Молодые актеры! Бойтесь ваших поклонниц! Ухаживайте за ними, если угодно, но не говорите с ними об искусстве! Учитесь вовремя, с первых шагов слушать, понимать и любить жестокую правду о себе! И знайте тех, кто вам может ее сказать. Вот с такими людьми говорите побольше об искусстве. Пусть они почаще ругают вас!
Выдержка
Вскоре после «Скупого рыцаря» была поставлена у нас драма Писемского из крестьянской и помещичьей жизни под названием «Горькая судьбина». Я играл в ней роль крестьянина Анания Яковлева. Пьеса написана с большим мастерством.
После «Власти тьмы» Толстого это – лучшая пьеса из нашего крестьянского быта.
Роль Анания, которую я играл, требует минутами не только драматического, но и трагического подъема. Роли разошлись очень хорошо среди наших любителей, а некоторые – особенно Лизаветы, жены Анания, – нашли себе исключительно удачных истолкователей.
Как при прежних работах, так и на этот раз я задал себе новую очередную задачу; она заключалась в том, чтоб выработать в себе сценическую выдержку. Эта задача стала на очередь потому, что в минуту сильного подъема, который я принимал за вдохновение, не я управлял своим телом, а, наоборот, оно управляло мною. Но что может сделать тело там, где требуется работа творческого чувства! В эти минуты тело напрягается от бессилия воли, а ненормальное напряжение повсюду, в разных центрах, точно завязывает узлы или создает судороги, благодаря которым ноги коченеют и едва могут ходить, руки деревенеют, дыхание спирается, горло сдавливается и все тело мертвеет. Или, напротив, от безвластия чувства во всем теле наступает анархия: мышцы непроизвольно сокращаются, вызывая бесчисленное количество движений, бессмысленных поз и жестов, нервных тиков и проч. От этого хаоса само чувство бежит и прячется в свои тайники. Можно ли творить и мыслить при таком состоянии?! Естественно, что прежде всего надо его побороть в себе, т. е. уничтожить анархию, освободить тело от власти мышц и подчинить его чувству.

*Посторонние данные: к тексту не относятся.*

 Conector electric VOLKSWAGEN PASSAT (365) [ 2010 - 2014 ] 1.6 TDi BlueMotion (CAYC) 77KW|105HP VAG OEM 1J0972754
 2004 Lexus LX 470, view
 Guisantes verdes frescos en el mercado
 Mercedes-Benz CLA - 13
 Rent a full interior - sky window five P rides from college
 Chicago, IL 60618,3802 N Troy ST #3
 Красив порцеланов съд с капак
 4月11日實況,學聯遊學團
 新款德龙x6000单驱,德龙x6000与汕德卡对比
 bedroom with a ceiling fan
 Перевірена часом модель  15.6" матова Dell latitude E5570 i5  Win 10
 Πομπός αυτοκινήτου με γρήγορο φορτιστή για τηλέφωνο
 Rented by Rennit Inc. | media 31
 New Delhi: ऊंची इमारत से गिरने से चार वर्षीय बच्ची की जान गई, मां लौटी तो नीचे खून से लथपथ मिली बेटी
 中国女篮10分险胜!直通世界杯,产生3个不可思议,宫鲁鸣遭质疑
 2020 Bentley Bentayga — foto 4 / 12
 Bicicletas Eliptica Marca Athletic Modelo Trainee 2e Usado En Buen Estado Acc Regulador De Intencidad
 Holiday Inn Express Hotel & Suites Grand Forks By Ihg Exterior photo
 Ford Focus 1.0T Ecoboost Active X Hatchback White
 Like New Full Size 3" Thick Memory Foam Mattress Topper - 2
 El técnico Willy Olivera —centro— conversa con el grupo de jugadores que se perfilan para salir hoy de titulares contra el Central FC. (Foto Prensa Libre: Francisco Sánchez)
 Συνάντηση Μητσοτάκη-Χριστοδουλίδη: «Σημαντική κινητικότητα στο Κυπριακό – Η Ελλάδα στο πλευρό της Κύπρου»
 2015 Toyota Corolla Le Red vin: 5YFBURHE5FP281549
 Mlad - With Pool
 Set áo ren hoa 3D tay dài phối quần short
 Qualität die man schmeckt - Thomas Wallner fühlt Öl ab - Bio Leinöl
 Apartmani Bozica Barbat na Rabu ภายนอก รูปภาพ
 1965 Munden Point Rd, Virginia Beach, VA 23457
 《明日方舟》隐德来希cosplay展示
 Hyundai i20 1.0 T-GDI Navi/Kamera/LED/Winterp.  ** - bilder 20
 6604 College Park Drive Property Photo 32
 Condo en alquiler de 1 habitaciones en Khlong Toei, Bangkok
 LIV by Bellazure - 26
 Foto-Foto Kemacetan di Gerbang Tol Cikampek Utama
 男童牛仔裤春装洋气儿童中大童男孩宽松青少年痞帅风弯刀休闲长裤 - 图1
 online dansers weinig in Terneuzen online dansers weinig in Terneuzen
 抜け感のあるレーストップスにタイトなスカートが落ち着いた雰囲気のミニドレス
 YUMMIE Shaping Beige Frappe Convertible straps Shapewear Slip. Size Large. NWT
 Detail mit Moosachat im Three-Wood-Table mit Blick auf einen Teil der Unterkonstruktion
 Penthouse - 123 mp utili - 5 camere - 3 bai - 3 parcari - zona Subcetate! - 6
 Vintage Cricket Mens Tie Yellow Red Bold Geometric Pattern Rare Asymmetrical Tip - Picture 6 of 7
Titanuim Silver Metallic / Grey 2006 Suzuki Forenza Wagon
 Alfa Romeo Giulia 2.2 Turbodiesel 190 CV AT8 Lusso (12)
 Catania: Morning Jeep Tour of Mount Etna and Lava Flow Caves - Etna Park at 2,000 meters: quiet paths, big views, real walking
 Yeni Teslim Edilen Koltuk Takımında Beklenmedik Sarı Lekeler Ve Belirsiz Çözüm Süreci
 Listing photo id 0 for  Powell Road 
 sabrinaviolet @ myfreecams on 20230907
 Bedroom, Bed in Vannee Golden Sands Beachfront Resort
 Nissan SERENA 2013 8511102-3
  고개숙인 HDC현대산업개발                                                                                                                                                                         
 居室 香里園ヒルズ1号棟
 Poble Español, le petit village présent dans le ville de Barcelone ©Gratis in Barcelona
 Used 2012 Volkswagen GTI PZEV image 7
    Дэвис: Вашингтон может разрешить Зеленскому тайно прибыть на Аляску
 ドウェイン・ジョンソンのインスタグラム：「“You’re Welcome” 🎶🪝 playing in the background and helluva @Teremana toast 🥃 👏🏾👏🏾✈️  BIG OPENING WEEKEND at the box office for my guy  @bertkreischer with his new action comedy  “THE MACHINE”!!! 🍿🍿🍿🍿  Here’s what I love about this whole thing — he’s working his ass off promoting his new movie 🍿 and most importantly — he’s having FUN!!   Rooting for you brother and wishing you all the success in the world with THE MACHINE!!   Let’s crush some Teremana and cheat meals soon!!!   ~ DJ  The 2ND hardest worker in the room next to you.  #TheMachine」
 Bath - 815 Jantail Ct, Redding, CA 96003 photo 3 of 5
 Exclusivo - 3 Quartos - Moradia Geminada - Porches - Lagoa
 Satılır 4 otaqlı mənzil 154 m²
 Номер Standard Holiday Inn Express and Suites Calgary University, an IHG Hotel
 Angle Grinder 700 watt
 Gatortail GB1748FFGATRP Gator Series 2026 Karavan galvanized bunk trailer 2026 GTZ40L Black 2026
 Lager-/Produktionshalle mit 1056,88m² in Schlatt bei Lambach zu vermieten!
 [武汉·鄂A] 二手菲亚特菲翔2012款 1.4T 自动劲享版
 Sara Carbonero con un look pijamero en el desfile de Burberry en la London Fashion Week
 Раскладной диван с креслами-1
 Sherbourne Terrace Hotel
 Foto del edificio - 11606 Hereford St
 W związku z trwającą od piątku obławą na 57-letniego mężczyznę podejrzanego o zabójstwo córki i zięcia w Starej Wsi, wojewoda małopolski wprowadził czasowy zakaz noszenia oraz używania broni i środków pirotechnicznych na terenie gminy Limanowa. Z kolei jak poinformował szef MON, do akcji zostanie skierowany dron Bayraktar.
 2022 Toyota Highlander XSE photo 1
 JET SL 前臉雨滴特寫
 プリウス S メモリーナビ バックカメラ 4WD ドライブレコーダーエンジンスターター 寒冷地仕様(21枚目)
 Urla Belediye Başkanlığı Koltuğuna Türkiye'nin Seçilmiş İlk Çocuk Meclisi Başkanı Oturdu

Я понимал тогда слово «выдержка» лишь с внешней стороны и потому прежде всего старался уничтожить всякий жест и лишнее движение, т. е. учился стоять на сцене неподвижно. Это нелегко – стоять на сцене неподвижно перед тысячной толпой. Мне это удавалось, но опять-таки ценою сильного напряжения всего тела, так как я просто приказывал себе не двигаться и от этого нового насилия еще больше деревенел. Однако постепенно, от репетиции к репетиции, от спектакля к спектаклю, я освобождался от мышечных судорог. Общее напряжение я переводил в местное, частное, т. е. концентрировал напряжение всего тела в один определенный центр: в пальцы рук и ног или в диафрагму, вернее, в то, что я тогда принимал за нее. Со всей силой сжимая кулаки, я вдавливал ногти пальцев в ладони, отчего нередко образовывались кровяные следы. Я скорчивал пальцы ног и всей тяжестью тела вдавливал их в пол, отчего также нередко оставались кровяные следы в обуви.